Considering the large amount and load of network traffic data to be processed, the traditional one-dimensional convolutional neural network model design cannot meet the requirement of lightweight to identify the types and categories of encrypted and malicious traffic with high precision. Therefore, we add normalized processing module and attention mechanism module to the model.

## 5.1 Batch Normalization Addition

When designing the convolutional neural network model, the Batch Normalized (BN) module is considered to be added to the normal convolutional neural network model [35]. Internal Covariate Shift [36] can cause problems such as slow convergence rates and gradient saturation, which the BN module can resolve.

$${y}_{i}^{\left(b\right)}={BN\left({x}_{i}\right)}^{\left(b\right)}={\gamma }\left(\frac{{x}_{i}^{\left(b\right)}-\mu \left({x}_{i}\right)}{\sqrt{\sigma {\left({x}_{i}\right)}^{2}+ϵ}}\right)+\beta$$

1

\({{x}_{i}}^{\left(b\right)}\) represents the value of the \(i-th\) input node of this layer when the \(b-th\) sample of the current batch is input, \({x}_{i}\)for \([{x}_{i}^{1}, {x}_{i}^{2}, {x}_{i}^{3},\dots ,{x}_{i}^{m}]\) a row vector, length of batch size m, \(\mu\) and \(\sigma\) for the mean and standard deviation, \(ϵ\) division by zero to prevent the introduction of a minimum quantity (negligible), \(\beta\) and \(\gamma\) for the shift and scale parameters.

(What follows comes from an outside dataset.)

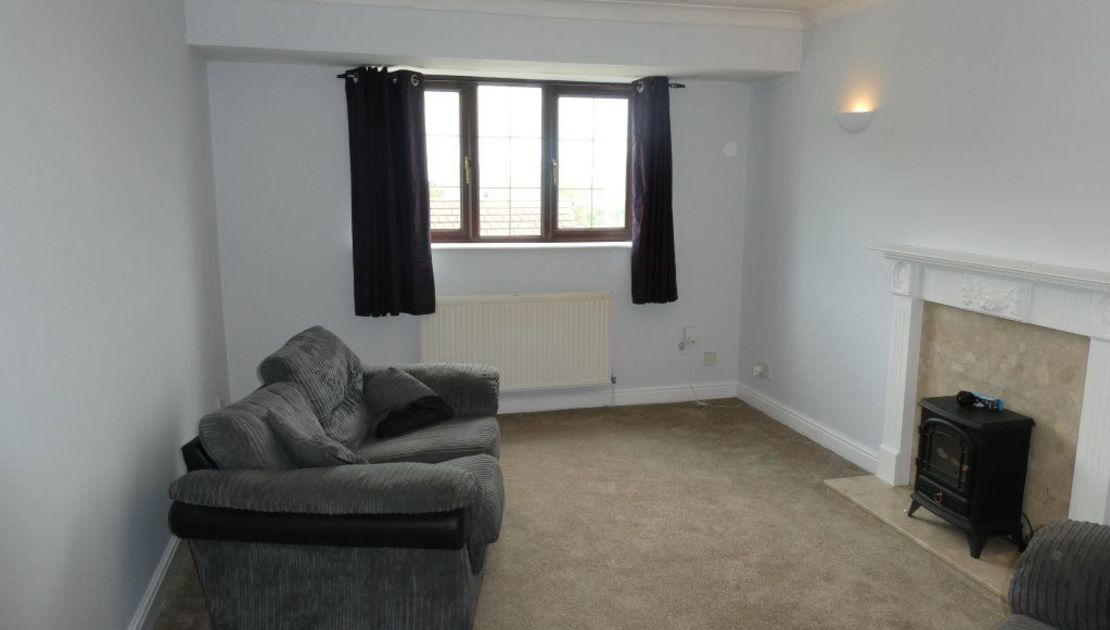 Flat Phillips Road in Sheffield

## 5.2 Attention Mechanism Addition

Due to the uneven distribution of data, the model will pay more attention to sufficient data, which will affect the final classification effect. As mentioned in this paper [37], CBAM is a lightweight general module, which can be applied in any CNN model and plays a non-negligible role in the application of GAB and CAB [38]. GAB and CAB can be used to learn the recognition features, so as to better solve the problem of low accuracy caused by uneven data distribution.

$${M}_{c\_a}=\left(ReLU\right(Conv2\left(GAP\right({M}_{G\_IN}\left)\right)\left)\right)\otimes {M}_{G-IN}, M\in {R}^{H\times W\times C}, {M}_{{G-IN}_{}}\in {R}^{H\times W\times {C}^{{\prime }}}, {C}^{{\prime }}=C/2$$

2

The channel attention feature \({M}_{c\_a}\) is calculated in Formula 2, where \(H\) represents the height, \(W\) represents the width, \(C\) represents the number of channels, \(ReLU\) represents the use of ReLU activation function, \(GAP\) represents the global average pooling, \({M}_{G-IN}\) the use of 1×1 convolution layer to reduce the number of channels.

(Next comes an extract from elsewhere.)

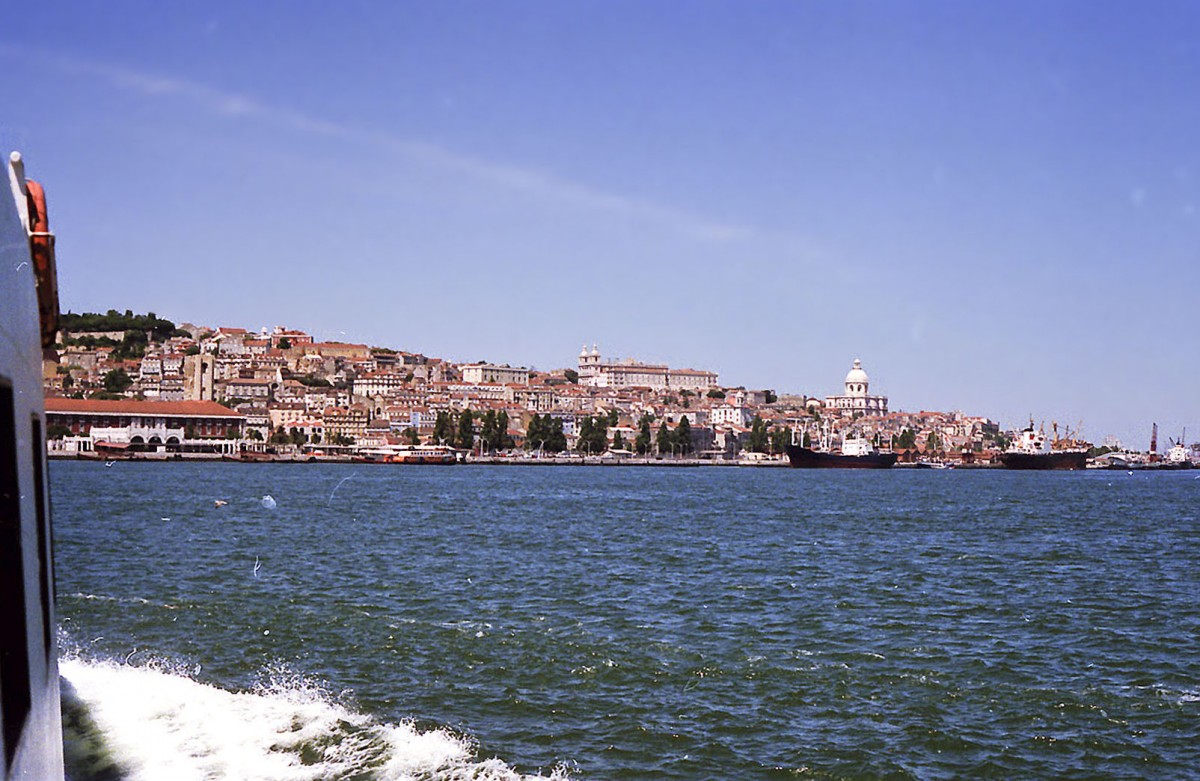 Bairro Alton in Lissabon von der Cacilhas-Fhre aus gesehen. Aufnahme: Juli 1986 (digitalisiertes Negativfoto).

$${M}_{G-OUT}={M}_{c\_a}\otimes \left(ReLU\right(C\_G\left({M}_{c\_a}\right)\left)\right)$$

3

The number of channels required for each category is calculated by \({M}^{{\prime }},{M}^{{\prime }}\in {R}^{H\times W\times ck}\), Where \(c\) is the number of channels needed to identify each category, and \(k\) is the number of classes. half of the features are retained by \({M}^{{\prime }{\prime }}（{M}^{{\prime }{\prime }}={M}^{{\prime }}）\), and the Dropout function is removed to make prediction with all the features.

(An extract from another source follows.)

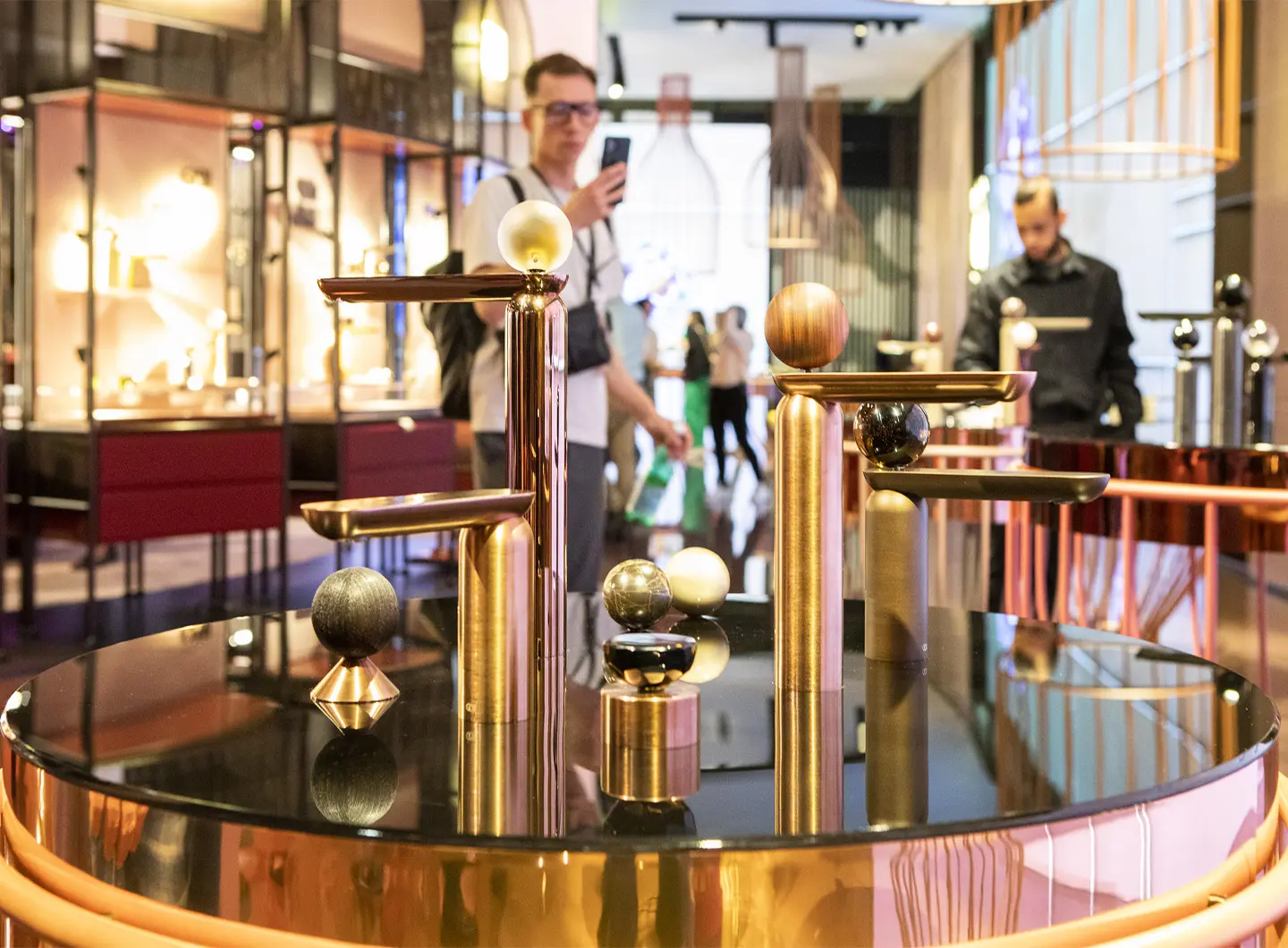 Gessi VITA 数字化供水系统，触屏与语音控制的界面特写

Formula 3 calculates the output of GAB, namely the spatial attention feature map \({M}_{G-OUT}\), \({M}_{G-OUT}={M}_{G-IN}\). \({M}_{G-OUT}\) is used to save the subtle and different information of each network traffic category in the detailed network traffic data, which is used as the input of the subsequent CAB.

$${S}_{i}=\frac{1}{n}\sum _{j=1}^{n}GMP\left({m}_{ij}^{{\prime }{\prime }}\right), i=\left\{\text{1,2},3,\dots ,k\right\}, S=\{{S}_{1},{S}_{2},{S}_{3},\dots ,{S}_{k}\}$$

4

Formula 4, \({S}_{i}\) represents the degree of significant response to the feature mapping of each category, \(GMP\) represents the global maximum pooling, \({m}_{ij}^{{\prime }{\prime }}\) represents the JTH feature of class \(i\) in \({M}^{{\prime }{\prime }}\) and the score \(S\) of each category of network traffic is calculated by averaging the sum of \({M}^{{\prime }{\prime }}\) maximum pooling.

$${M}_{i\_avg}^{{\prime }}=\frac{1}{n}\sum _{j=1}^{n}{m}_{ij}^{{\prime }}, i=\left\{\text{1,2},3,\dots ,k\right\}$$

5

In Formula 5, \({M}_{i\_avg}^{{\prime }}\) represents the feature output mapping feature map of the class \(i\), and \({m}_{ij}^{{\prime }}\) represents the reaction of the JTH feature of the class \(i\) in \({M}^{{\prime }}\). The sum of the characteristic fractions of each class is calculated and averaged.

$${A}_{CAB}=\frac{1}{k}\sum _{i=1}^{k}{S}_{i}{M}_{i\_avg}^{{\prime }},{A}_{CAB}\in {R}^{H\times W\times 1}$$

6

In Formula 6, \({A}_{CAB}\)is to multiply and average the calculated scores of each class and the semantic features of the class. It helps to differentiate areas of DR Grading.

$${M}_{C-OUT}={M}_{C-IN}\otimes {A}_{CAB}$$

7

Finally, as shown in Formula 7, \({M}_{C-OUT}\) is obtained by multiplying CAB and category attention \({A}_{CAB}\), enabling the model to obtain more accurate classification of different network traffic categories.